Virginia’s Overregulated Occupations

If the Old Dominion truly has the best business climate in the United States, as many Virginians like to think it does, that status surely can be attributable only to the many and perverse way in which other states screw things up. The Commonwealth does so many things wrong that, viewing ourselves in isolation, it would be easy to imagine that we have among the worst business climates.

A case in point is the regulation of professions and occupations. The Institute for Justice has just published a report, “License to Work,” that compares how heavily 102 occupations are regulated across the 50 states. Lo and behold, Virginia ranks as the 11th most most broadly and onerously licensed state in the country, regulating occupations from athletic trainers and earth drillers to barbers, skin care specialists, animal control officers, upholsterers, taxidermists, fire alarm installers and milk samplers.

Virginia’s regulation of preschool teachers is the most onerous in the country, requiring education/experience equivalent to 1,825 days and passage of an exam. Teacher assistants require 730 days education/experience.

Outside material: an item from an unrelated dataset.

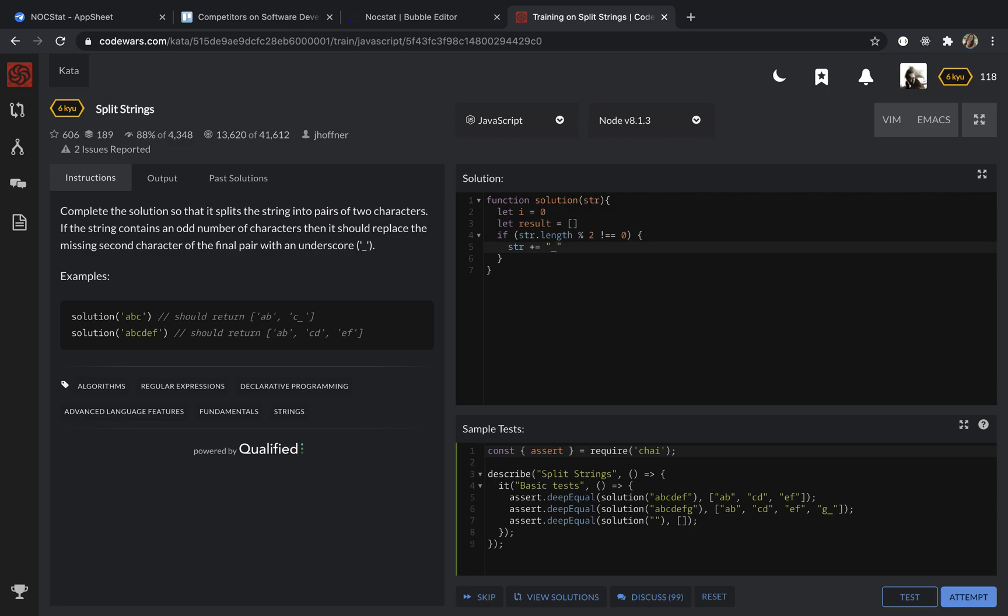Okay, so next, we are going to use a while loop. While I is less than string length, it will repeat the action.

Nearly one in three Americans work in an occupation regulated the state through licensure. Louisiana, Arizona and California top the list for the breadth and strictness of occupational regulation.

Regulations are invariably justified by the need for consumer protection. But only a handful of occupations are regulated in all states, with no apparent harm to the public in non-licensed states. “Such inconsistencies give good reason to doubt that many licensing schemes are necessary,” states the report.

“If Governor McDonnell and Virginia lawmakers really want to spur entrepreneurial growth,” writes report co-author Dick Carpenter in the Jefferson Policy Journal, “they should add to their to-do list the reduction or elimination of licensure burdens that do little more than protect some people from competition by keeping others out of work.”